Sometimes we observed that a workspace cannot be reached. The logs hint into the direction that not all processes inside the container might have started. So, use the ML Lab's /reset API to remove and recreate the container. If something does not work in Kubernetes, check whether the Deployment and the Service resource belonging to a Workspace still exist, and remove them manually. Then execute the /reset API method again or reload the webapp page to trigger recreation.
Please not that the reset method removes the container and re-creates it. It is not the same as restarting. Everything not stored in the workspace's /workspace path will be reset to the workspace image state (including installed libraries etc.).

What do I have to know about Data Storage?

The ML Lab container does not persist data, but the Minio, Mongo, and workspace containers. In Docker-local, by default, for all of them named Docker volumes are created and mounted. You can pass a host path instead via the HOST_ROOT_DATA_MOUNT_PATH environment variable. If this is set, also the mounts for workspaces have the same host path root; this can be overridden via LAB_DATA_WORKSPACE_ROOT.

In managed Kubernetes, a PersistentVolume is created for Minio, Mongo, and the workspace containers. The amount of storage available has to be defined during ML Lab startup via an environment variable.

In manual Kubernetes, the node has to be tainted where the Minio, Mongo, and NFS pods always start. They always start on the same node so that they can mount directories from the host file system as in Docker-local. The only difference is that workspaces do not mount the host file system directly but they mount a subdirectory from the started NFS pod.

Everything that a user stores in the workspace container under the /workspace directory is persisted on the file system. Everything else is persisted within the container and also consumes disk storage. However, it is deleted when the container is removed; a Docker restart is not enough (ML Lab has a /reset Endpoint for triggering a removal & recreation)!

How to create new users (in case self-registration is disabled)?

When ML Lab was started via the environment flag ALLOW_SELF_REGISTRATIONS=false, only the admin user can login. Via the REST API (e.g. by using the explorer), the admin can create new users. The endpoint is POST /api/auth/users. Note that the JWT secret which was used for the ML Lab deployment has to be passed here.

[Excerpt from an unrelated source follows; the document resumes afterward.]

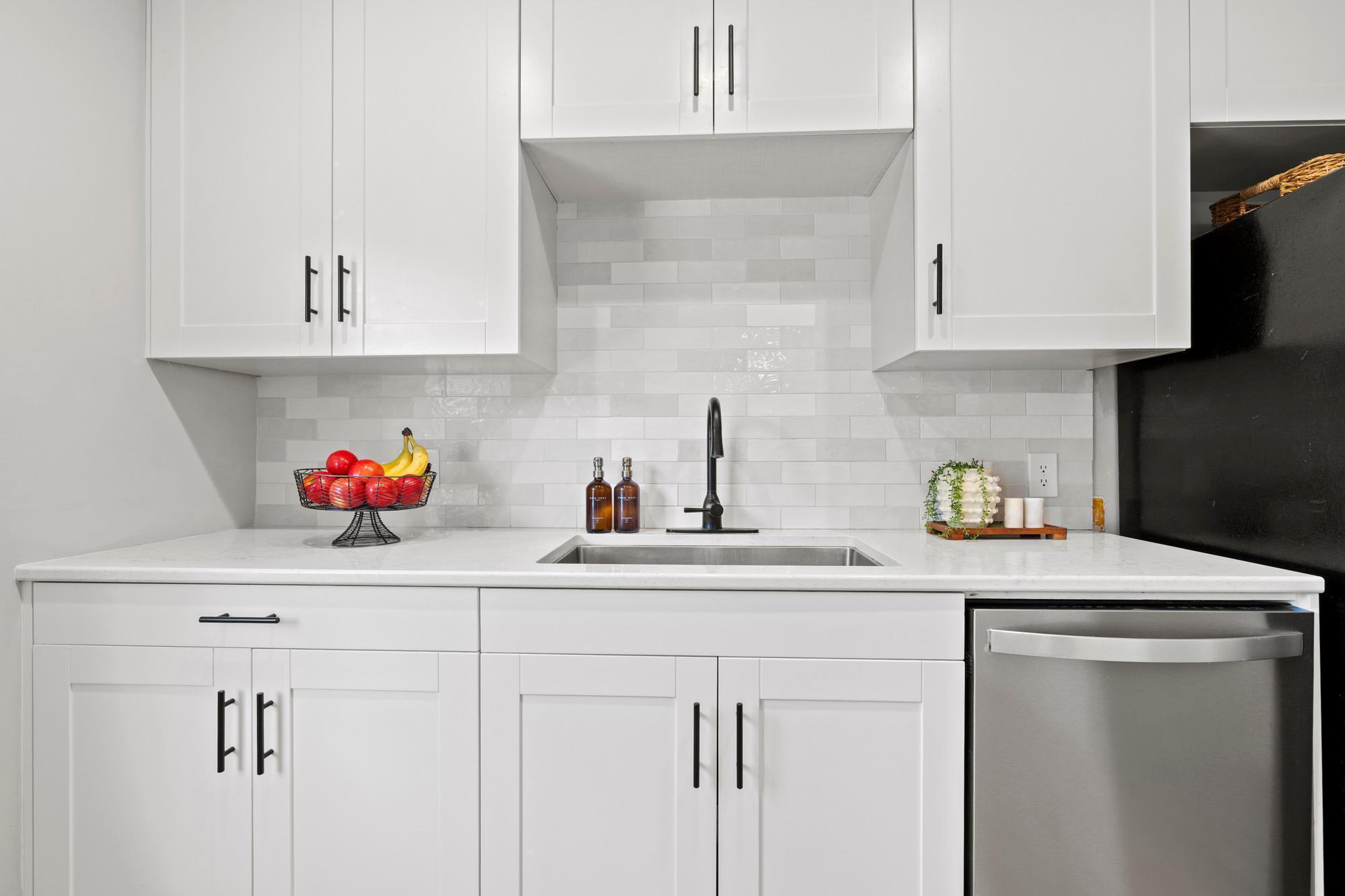 Kitchen full of updates - all new cupboards, new quartz countertops and tile backsplash, updated appliances, removed wall for open layout, and new lighting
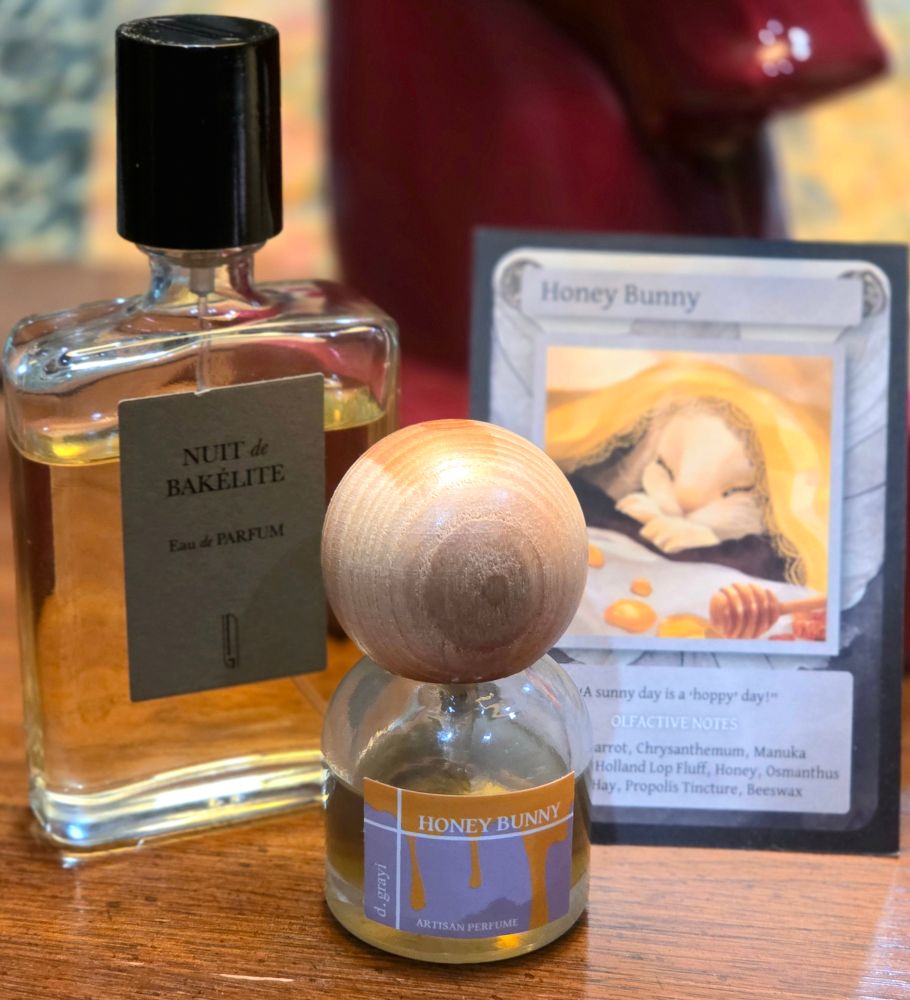 A bottle of Nuit de Bakélite that is approximately 75% full next to a bottle of Honey Bunny that is about half full. In the background is the collector's card that accompanies Honey Bunny, which shows an illustration of a white bunny sleeping under a yellow blanket with a honey drizzler and a list of olfactive notes.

Does ML Lab capture any metrics?

The ML Lab webapp has a management dashboard at /app/#/management containing some metrics. However, the underlying implementation requires a multiple load of the page until all metrics are up to date: load the page, wait a little bit, and reload it again - if needed, repeat a few times.

How to clean up ML Lab?

The DELETE /api/auth/users/{user} endpoint removes a user from Mongo, its workspace, and its private Minio bucket. Though, it does not remove the persisted volume previously mounted into the user's /workspace ; this has to be done manually on the host. If ML Lab was started with the $LAB_DATA_ROOT or $LAB_DATA_WORKSPACE_ROOT variables, no Docker-volumes are used but an absolute host path that has to be cleaned. The DELETE /api/projects/{projectName} endpoint deletes a project, all belonging experiments and the data from Minio.

I cannot login to ML Lab

If you get an error message like "Request has been terminated" on the login page, this is an indicator that you might have network issues such as being in the wrong network, e.g. when a VPN would be required.